The strategic use of Warranty & Indemnity Insurance in M&A transactions in Ireland is growing in popularity, particularly when there is a cross border element.
This article first appeared in Finance Dublin, May 2016.
W&I Insurance is less costly and more compatible with overall deal processes and timetables than when it was originally pioneered in the 1970s. As a result, it's now a more attractive means of dealing with many of the key hurdles associated with the structuring and negotiating of M&A transactions. This article examines the key features and benefits of using W&I insurance.
What is Warranty & Indemnity (W&I) Insurance?
W&I insurance provides cover for losses incurred as a result of breach of the warranties or certain indemnities in an M&A transaction.
The most common type of policy is the buyer side policy under which a buyer is insured for any losses it suffers as a result of a breach of warranty.
While less common, a sell side policy insures the seller giving the warranties, for any losses suffered as a result of the buyer bringing a valid claim against it, for a breach of warranty or a covered indemnity.
Why use it?
The following are among the most common reasons for parties using W&I insurance:
- It protects a buyer or a seller from financial loss resulting from a breach of warranty made by the seller in a sale agreement.
- It removes the need for mechanisms commonly used to deal with risks arising from breach of warranty or indemnity, such as the retention of monies in escrow for a period of time post completion, or where part of the consideration is to be deferred and set off against warranty claims, thus making sales proceeds immediately available to the seller.
- It removes the concern about a seller's solvency and ability to meet warranty or indemnity obligations in the future.
- It is particularly effective when used to enhance a warranty cap, where negotiations with the seller are difficult or to fill a warranty gap left by existing private equity vendors who refuse to provide warranties.
- It can differentiate your bid in an auction process. In a competitive bid context it can enable a buyer to offer to buy the target without or with minimal seller liability, thus making the buyer's bid more attractive to the seller.
- It avoids the need to sue management who may be continuing with the business.
Premiums for W&I insurance will depend on the specifics of the deal but are usually in the region of 1% to 1.8% of the limit purchased.
Insurers will also usually require the insured to bear the first portion of any warranty claim by way of an excess or "retention". Recent trends have shown these excesses to be in the region of 0.5% to 1.5% of the policy coverage.
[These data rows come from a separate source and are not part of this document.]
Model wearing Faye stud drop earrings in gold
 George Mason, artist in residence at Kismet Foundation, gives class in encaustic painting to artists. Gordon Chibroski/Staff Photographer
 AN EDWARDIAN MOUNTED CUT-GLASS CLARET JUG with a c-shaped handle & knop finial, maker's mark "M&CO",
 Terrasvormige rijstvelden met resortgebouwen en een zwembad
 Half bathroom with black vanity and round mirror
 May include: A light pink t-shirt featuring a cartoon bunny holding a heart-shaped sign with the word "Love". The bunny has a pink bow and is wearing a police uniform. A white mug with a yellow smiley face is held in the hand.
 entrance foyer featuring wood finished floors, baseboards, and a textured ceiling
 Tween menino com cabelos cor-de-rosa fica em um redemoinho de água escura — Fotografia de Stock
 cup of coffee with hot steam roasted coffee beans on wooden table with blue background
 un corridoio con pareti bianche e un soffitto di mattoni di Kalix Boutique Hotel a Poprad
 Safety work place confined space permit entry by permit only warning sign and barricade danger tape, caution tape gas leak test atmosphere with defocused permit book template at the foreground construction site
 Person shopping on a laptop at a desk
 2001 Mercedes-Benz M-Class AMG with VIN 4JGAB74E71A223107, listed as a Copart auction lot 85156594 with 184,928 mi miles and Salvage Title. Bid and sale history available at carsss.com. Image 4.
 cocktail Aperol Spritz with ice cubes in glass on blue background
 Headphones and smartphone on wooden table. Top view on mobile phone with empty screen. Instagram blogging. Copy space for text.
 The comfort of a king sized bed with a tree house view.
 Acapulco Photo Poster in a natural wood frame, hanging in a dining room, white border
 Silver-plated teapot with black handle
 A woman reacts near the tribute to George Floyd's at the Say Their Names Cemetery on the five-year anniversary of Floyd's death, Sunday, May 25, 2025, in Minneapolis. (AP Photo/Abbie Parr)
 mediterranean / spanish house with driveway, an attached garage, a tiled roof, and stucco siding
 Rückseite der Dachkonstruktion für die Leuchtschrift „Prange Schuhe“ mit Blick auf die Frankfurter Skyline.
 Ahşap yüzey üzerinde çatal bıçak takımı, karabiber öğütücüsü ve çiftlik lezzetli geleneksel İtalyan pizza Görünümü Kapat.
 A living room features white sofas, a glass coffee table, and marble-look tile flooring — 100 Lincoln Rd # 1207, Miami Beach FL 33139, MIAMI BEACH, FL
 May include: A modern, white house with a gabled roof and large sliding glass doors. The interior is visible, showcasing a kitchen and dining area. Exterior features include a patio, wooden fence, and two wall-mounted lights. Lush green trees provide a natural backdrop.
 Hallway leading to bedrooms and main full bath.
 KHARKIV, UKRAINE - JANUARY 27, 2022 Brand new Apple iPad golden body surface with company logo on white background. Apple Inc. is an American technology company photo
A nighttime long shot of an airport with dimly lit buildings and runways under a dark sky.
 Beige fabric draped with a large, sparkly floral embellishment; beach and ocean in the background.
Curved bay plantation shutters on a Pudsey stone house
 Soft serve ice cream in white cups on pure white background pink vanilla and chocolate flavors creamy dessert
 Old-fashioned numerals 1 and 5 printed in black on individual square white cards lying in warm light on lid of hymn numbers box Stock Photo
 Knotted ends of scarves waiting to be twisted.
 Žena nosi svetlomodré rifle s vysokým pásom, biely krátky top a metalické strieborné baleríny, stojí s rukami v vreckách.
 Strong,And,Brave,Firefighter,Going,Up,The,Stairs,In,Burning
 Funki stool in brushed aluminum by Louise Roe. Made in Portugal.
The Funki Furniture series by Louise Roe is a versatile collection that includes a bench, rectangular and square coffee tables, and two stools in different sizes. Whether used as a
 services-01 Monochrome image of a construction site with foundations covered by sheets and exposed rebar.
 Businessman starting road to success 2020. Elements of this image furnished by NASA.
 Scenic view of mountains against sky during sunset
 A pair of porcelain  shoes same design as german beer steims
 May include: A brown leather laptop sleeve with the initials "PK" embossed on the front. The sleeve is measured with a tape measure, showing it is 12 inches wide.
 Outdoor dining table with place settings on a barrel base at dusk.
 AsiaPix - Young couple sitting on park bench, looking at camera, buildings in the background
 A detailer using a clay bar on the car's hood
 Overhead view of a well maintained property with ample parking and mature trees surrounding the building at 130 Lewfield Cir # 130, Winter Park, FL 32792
Other costs of obtaining W&I Insurance include the broker's fees or commission, the underwriter's due diligence fees, and insurance premium taxes (if applicable).
In addition to the excess, general exclusions will apply, and these usually include the following:
- Fraud and deliberate non-disclosure on the part of the insured.
- Any forward looking warranties, for example the ability to collect debts after completion.
- Liabilities arising out of anything disclosed or otherwise within the knowledge of the insured party; findings in the due diligence reports, if the insurer has had access to such reports; or issues covered by specific indemnities in the share purchase agreement, unless these are covered separately.
The process of putting W&I Insurance in place typically takes between two to four weeks.
The underwriting process involves a review of the transaction documents, the negotiation of the policy terms, and on buy side deals, due diligence by the insurer's advisors.
Insurers will generally require discussions with the insured and their advisors usually by way of conference call during which the underwriters will ask questions in order to get comfortable with the due diligence process (in the case of a buyer side policy) or the disclosure process (on the sellers side).
Felix Sloman, a broker with JLT Specialty's M&A group offers the following key tip:
Insurance should be considered early on. As a seller, if a draft sale agreement is released
to bidders that contains a material warranty cap, it can be difficult to then lower this when
the concept of insurance is introduced. It is far better to consult with experienced legal
counsel or a specialist insurance broker from the outset to ensure the best outcome.
As more underwriters enter the Irish market, we anticipate competition to follow, which will make W&I insurance an even more viable option to parties to M&A transactions. Along with the recent upturn in M&A activity, this means that W&I Insurance is likely to become a more regular feature of Irish transactions rather than the exception.